═════ Data excerpt
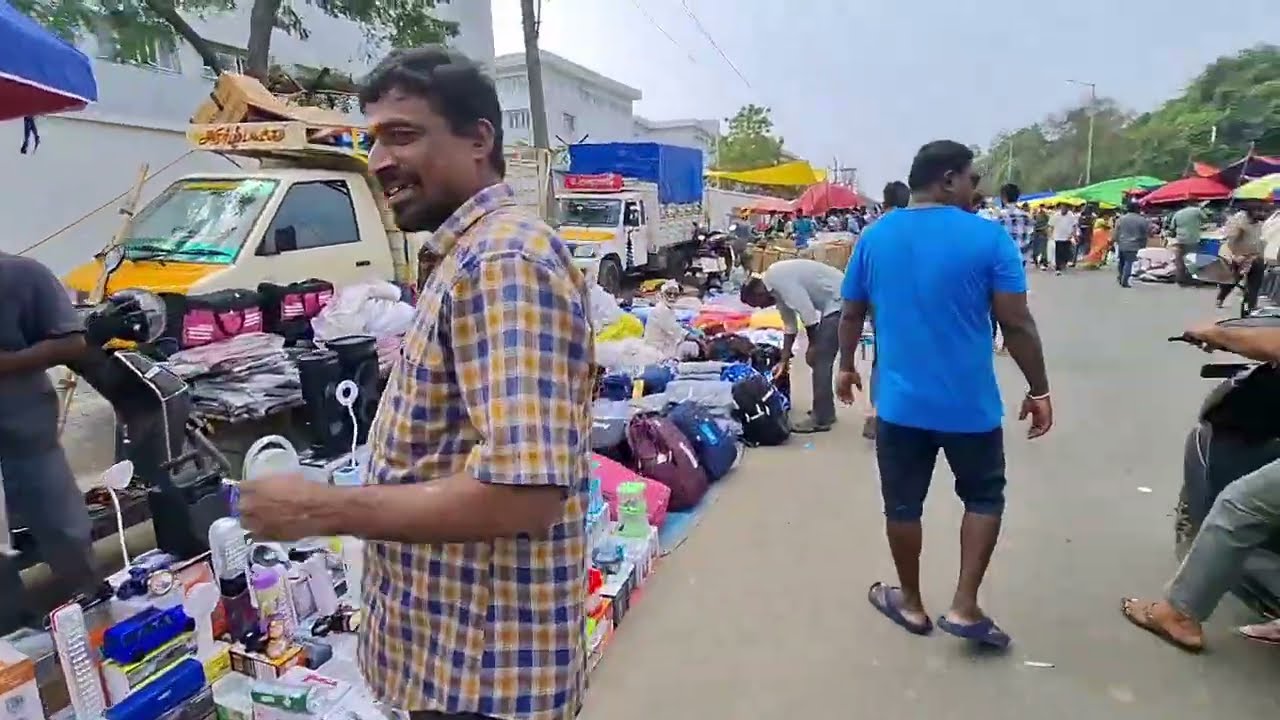 🔥🤓💯பல்லாவரம் சந்தை 26/12/2025 🌎🔥 வெள்ளி வார சந்தை பார்க்கலாம் வாங்க சென்னை-43.💥🤓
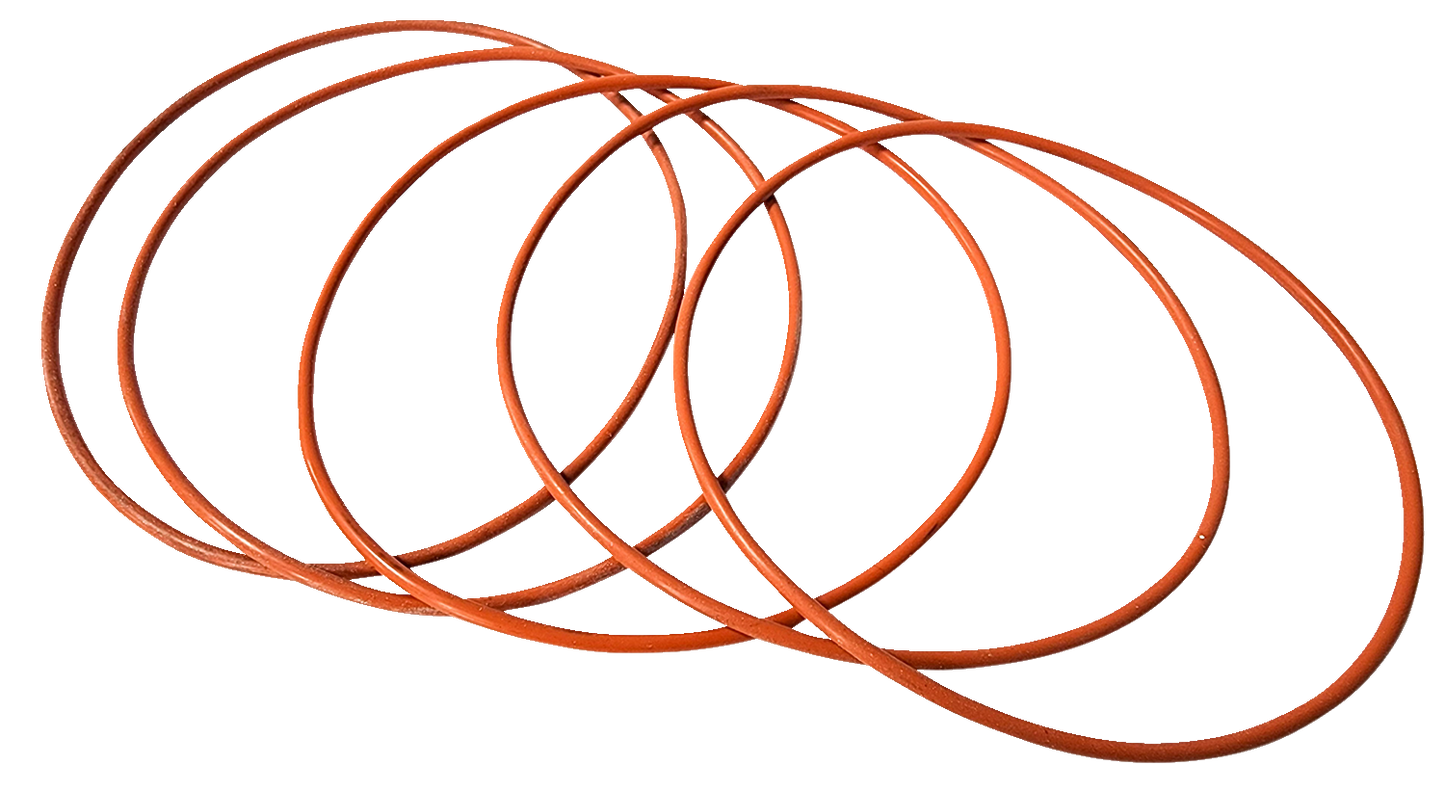 REVOLUTION PERFORMANCE, LLC Tap-It-Right - O-Ring - 5 Pack TIR-05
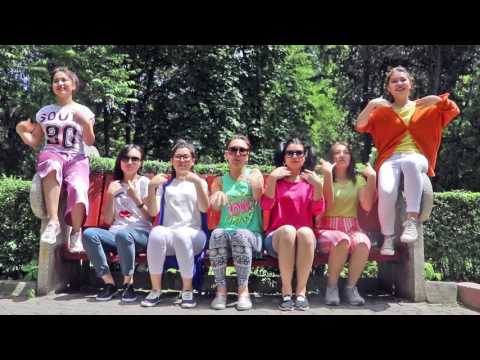 Арыктоонун эң жагымдуу жолу - Зумба! Choregraphie Officielle - Edalam Feat. MYF and Cuban M.O.B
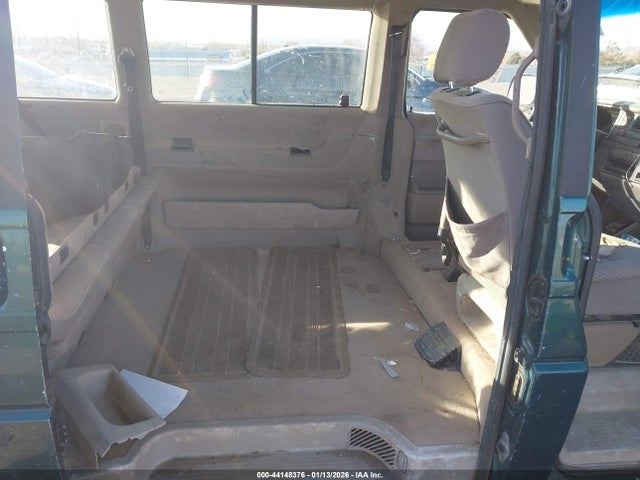 1999 VOLKSWAGEN EUROVAN WV2KH2704XH011888 Photo 7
══════════
Retype the lines starting with the one that holds "Арыктоонун эң жагымдуу" and ending with the last line of the data above, both included; skip the pictures.

 Арыктоонун эң жагымдуу жолу - Зумба! Choregraphie Officielle - Edalam Feat. MYF and Cuban M.O.B
 1999 VOLKSWAGEN EUROVAN WV2KH2704XH011888 Photo 7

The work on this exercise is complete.